Unterschwellenvergabe: Wann besteht an einem Auftrag ein grenzüberschreitendes Interesse?

01.01.2012

Unterschwellenvergabe: Wann besteht an einem Auftrag ein grenzüberschreitendes Interesse?

Zu: BGH, Urteil vom 30.08.2011 - X ZR 55/10

Zur Beurteilung der Frage, ob an einem öffentlichen Auftrag ein grenzüberschreitendes Interesse besteht, ist eine Prognose darüber anzustellen, ob der Auftrag nach den konkreten Marktverhältnissen, das heißt mit Blick auf die angesprochenen Branchenkreise und ihre Bereitschaft, Aufträge gegebenenfalls in Anbetracht ihres Volumens und des Ortes der Auftragsdurchführung auch grenzüberschreitend auszuführen, für ausländische Anbieter interessant sein könnte.

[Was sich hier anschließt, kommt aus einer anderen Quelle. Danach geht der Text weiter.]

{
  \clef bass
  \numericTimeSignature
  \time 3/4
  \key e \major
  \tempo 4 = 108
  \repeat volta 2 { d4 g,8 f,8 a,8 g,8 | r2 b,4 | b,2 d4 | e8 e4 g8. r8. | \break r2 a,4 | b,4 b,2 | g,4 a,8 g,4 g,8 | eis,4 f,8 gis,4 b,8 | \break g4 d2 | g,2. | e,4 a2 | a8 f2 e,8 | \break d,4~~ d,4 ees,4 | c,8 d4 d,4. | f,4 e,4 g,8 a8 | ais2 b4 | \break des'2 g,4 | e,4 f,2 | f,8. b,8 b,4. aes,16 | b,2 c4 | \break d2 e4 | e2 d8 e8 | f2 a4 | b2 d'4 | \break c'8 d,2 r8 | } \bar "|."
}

Ein Bieter unterliegt in einem Vergabeverfahren, bei dem Bauleistungen unterhalb des maßgeblichen Schwellenwerts vergeben werden, und klagt auf Schadensersatz. Er führt an, dass die Vergabestelle das Primärrecht der EU nicht angewandt habe. Sie habe verkannt, dass dem Auftrag ein grenzüberschreitendes Interesse zukomme. Nach Ansicht des Bieters könne bei Bauvergaben ab einem Wert von 1 Mio. Euro regelmäßig ein solches Interesse unterstellt werden. Dies ergebe sich aus § 2 Nr. 6 VgV, der den Schwellenwert für Lose von Bauaufträgen auf diesen Betrag festlege.

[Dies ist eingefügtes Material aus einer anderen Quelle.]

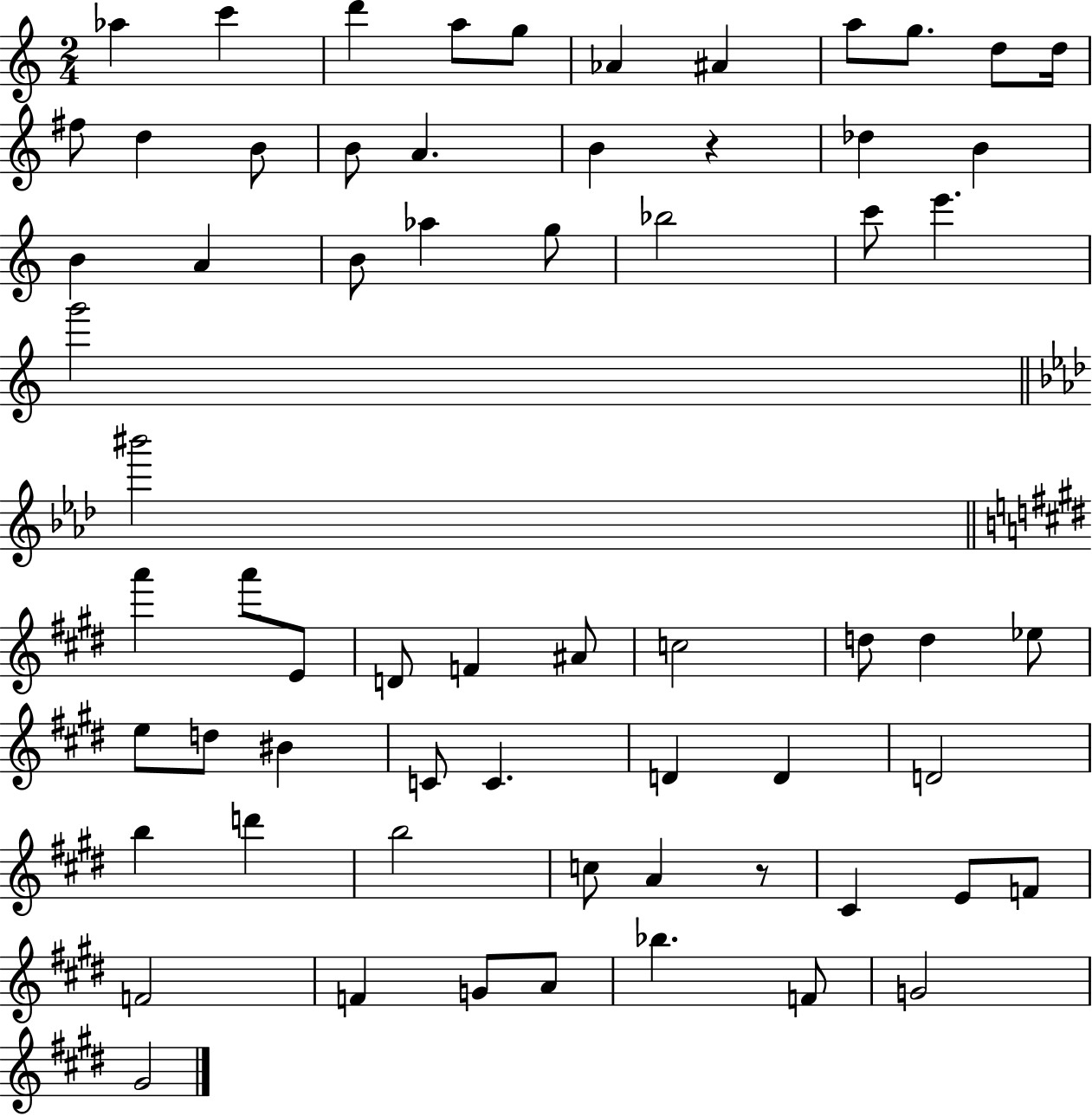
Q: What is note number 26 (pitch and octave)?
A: C6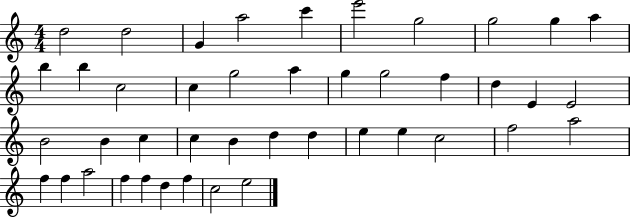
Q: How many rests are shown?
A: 0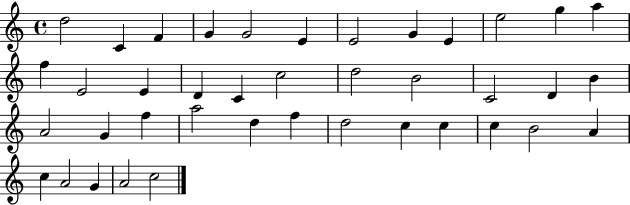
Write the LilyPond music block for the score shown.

{
  \clef treble
  \time 4/4
  \defaultTimeSignature
  \key c \major
  d''2 c'4 f'4 | g'4 g'2 e'4 | e'2 g'4 e'4 | e''2 g''4 a''4 | \break f''4 e'2 e'4 | d'4 c'4 c''2 | d''2 b'2 | c'2 d'4 b'4 | \break a'2 g'4 f''4 | a''2 d''4 f''4 | d''2 c''4 c''4 | c''4 b'2 a'4 | \break c''4 a'2 g'4 | a'2 c''2 | \bar "|."
}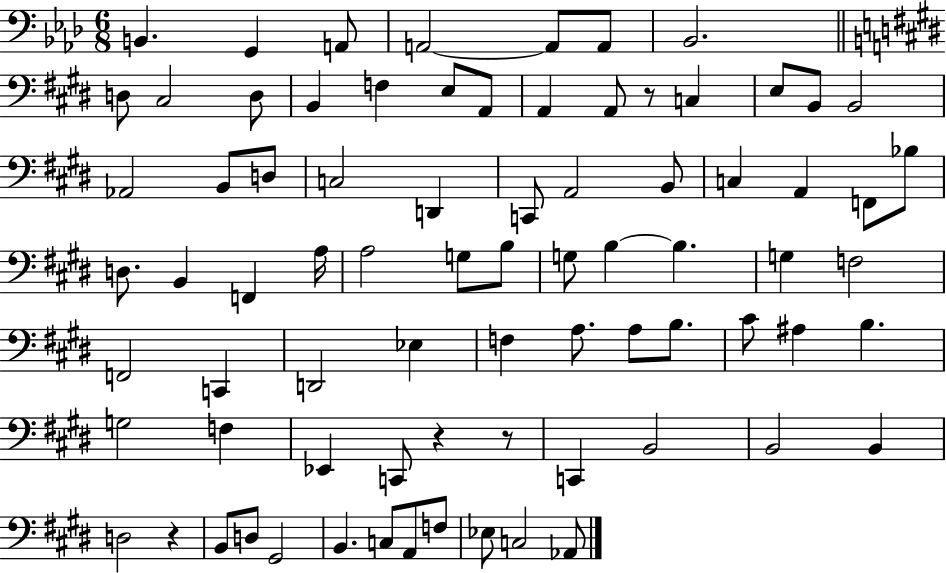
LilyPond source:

Der BGH lehnt diese Rechtsauffassung ab. § 2 Nr. 6 VgV wurzelt im EU-Vergaberecht (Richtlinie 2004/18/EG Art. 9 Abs. 5 a) und privilegiert Bauauftraggeber bei der Vergabe kleinerer Lose von Aufträgen, die selbst den Schwellenwert übersteigen. Diese Regelung bietet keine tragfähige Grundlage für die Schlussfolgerung des Klägers, dass bei Aufträgen von einem Gesamtvolumen ab 1 Mio. Euro ein grenzüberschreitendes Interesse besteht. Nach der Rechtsprechung des EuGH ist es vielmehr stets Sache des nationalen Gerichts, alle maßgeblichen Gegebenheiten, die den fraglichen Auftrag betreffen, eingehend zu würdigen, um festzustellen, ob im Einzelfall ein eindeutiges grenzüberschreitendes Interesse besteht (Urteil vom 23.12.2009 - Rs. C-376/08). In Anlehnung an die für Vergabeverfahren außerhalb der Vergaberichtlinien ergangene Mitteilung der Kommission (ABl. Nr. C 179 vom 01.08.2006, S. 2 ff unter 1.3.) bietet es sich an, eine Prognose unter Berücksichtigung bestimmter Kriterien anzustellen. Dabei muss abgeschätzt werden, ob der Auftrag nach den konkreten Marktverhältnissen für ausländische Anbieter interessant sein könnte. Maßgeblich sind insoweit die angesprochenen Branchenkreise und ihre Bereitschaft, Aufträge in Anbetracht ihres Volumens und des Ortes auch grenzüberschreitend auszuführen.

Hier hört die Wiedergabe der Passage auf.